Y aun así, aunque a Rodríguez Castro pudiera tentarle llevar a Cuba al siglo XXI y abrazar el capitalismo con ayuda estadounidense, es improbable que su familia acceda a abandonar el poder, si la historia sirve de precedente. Incluso bajo amenaza, muchos dictadores y líderes autoritarios —Sadam Huseín en Irak, Slobodan Milosevic en Serbia, Bashar al-Assad en Siria y, a principios de este año, Maduro en Venezuela— optaron por resistir hasta el último minuto.

Hasta ahora, Díaz-Canel y los diplomáticos cubanos han trazado una línea roja, insistiendo en que el gobierno no hará concesiones políticas.

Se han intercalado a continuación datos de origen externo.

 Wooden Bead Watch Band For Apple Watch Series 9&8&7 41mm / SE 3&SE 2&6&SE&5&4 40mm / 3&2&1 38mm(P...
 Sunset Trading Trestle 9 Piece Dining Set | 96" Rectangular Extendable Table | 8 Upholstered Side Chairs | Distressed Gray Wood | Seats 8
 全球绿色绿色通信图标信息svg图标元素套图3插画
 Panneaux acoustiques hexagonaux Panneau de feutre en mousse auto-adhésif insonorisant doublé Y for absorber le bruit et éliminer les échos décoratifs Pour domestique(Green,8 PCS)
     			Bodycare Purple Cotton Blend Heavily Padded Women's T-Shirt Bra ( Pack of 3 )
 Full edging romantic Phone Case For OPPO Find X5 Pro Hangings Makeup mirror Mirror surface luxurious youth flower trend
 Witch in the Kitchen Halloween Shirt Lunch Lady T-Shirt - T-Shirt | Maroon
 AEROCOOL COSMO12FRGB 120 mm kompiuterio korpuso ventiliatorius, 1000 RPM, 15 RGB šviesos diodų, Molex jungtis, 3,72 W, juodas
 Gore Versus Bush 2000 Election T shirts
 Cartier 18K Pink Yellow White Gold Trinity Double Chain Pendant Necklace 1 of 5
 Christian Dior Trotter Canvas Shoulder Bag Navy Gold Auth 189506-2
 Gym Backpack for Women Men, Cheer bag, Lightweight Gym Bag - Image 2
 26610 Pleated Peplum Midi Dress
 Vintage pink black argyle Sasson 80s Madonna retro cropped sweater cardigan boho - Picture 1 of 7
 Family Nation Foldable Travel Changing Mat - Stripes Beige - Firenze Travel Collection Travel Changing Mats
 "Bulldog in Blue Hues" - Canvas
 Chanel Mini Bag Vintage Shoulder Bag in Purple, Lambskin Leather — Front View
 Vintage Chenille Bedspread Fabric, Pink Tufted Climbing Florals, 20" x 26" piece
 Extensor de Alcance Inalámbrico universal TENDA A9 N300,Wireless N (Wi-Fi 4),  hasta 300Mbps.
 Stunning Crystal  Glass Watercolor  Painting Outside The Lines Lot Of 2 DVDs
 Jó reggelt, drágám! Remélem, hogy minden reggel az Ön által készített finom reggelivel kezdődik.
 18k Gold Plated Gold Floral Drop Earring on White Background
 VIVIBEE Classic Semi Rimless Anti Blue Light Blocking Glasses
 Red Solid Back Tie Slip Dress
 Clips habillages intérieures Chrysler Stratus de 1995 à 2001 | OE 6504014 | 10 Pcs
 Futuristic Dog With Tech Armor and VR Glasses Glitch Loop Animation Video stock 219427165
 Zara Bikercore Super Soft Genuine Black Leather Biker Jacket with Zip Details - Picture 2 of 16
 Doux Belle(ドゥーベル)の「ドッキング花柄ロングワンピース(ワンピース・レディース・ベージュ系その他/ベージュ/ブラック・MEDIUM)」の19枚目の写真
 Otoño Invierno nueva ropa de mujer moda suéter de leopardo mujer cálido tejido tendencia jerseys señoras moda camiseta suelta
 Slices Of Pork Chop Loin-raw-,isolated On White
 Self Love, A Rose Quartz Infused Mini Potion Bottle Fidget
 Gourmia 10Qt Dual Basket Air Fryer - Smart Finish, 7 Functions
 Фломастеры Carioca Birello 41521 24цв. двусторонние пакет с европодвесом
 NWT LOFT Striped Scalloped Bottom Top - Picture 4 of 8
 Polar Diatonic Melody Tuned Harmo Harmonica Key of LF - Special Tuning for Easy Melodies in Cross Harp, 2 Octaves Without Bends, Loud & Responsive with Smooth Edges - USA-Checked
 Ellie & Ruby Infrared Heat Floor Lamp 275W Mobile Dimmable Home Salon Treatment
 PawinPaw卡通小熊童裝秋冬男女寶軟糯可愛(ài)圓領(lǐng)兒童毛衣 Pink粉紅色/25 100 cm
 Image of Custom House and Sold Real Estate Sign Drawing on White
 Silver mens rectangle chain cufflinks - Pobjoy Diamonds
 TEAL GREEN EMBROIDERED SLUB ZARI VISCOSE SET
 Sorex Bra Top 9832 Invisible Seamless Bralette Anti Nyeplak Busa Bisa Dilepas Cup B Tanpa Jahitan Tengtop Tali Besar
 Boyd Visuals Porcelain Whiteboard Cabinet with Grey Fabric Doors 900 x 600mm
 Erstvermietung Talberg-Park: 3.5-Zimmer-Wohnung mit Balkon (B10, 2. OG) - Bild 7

Mientras tanto, Rodríguez Castro ha ido saliendo de la sombra de su abuelo.

Apareció de manera conspicua en primera fila en una reunión gubernamental en la que Díaz-Canel admitió públicamente que Cuba estaba en conversaciones con el gobierno de Trump, después de negarlo inicialmente. El nieto de Castro también estuvo en la audiencia de una conferencia de prensa televisada que Díaz-Canel ofreció para ampliar sobre las conversaciones.

El ministro de Defensa general Álvaro López Miera (a la izquierda) y el gobernante Miguel Díaz-Canel, durante el entierro en La Habana de 4 de los 32 guardaespaldas cubanos muertos durante el ataque militar estadounidense para capturar a Nicolás Maduro. Raúl Guillermo Rodríguez Castro, nieto de Raúl Castro, está detrás de ellos.
El ministro de Defensa general Álvaro López Miera (a la izquierda) y el gobernante Miguel Díaz-Canel, durante el entierro en La Habana de 4 de los 32 guardaespaldas cubanos muertos durante el ataque militar estadounidense para capturar a Nicolás Maduro. Raúl Guillermo Rodríguez Castro, nieto de Raúl Castro, está detrás de ellos.

También asistió al entierro de 4 de los 32 guardaespaldas cubanos muertos durante el ataque militar estadounidense para capturar a Maduro. No estaba protegiendo a su abuelo, que no asistió, pero como de costumbre, estuvo en el centro de la escena, esta vez observando por encima del hombro de Díaz-Canel.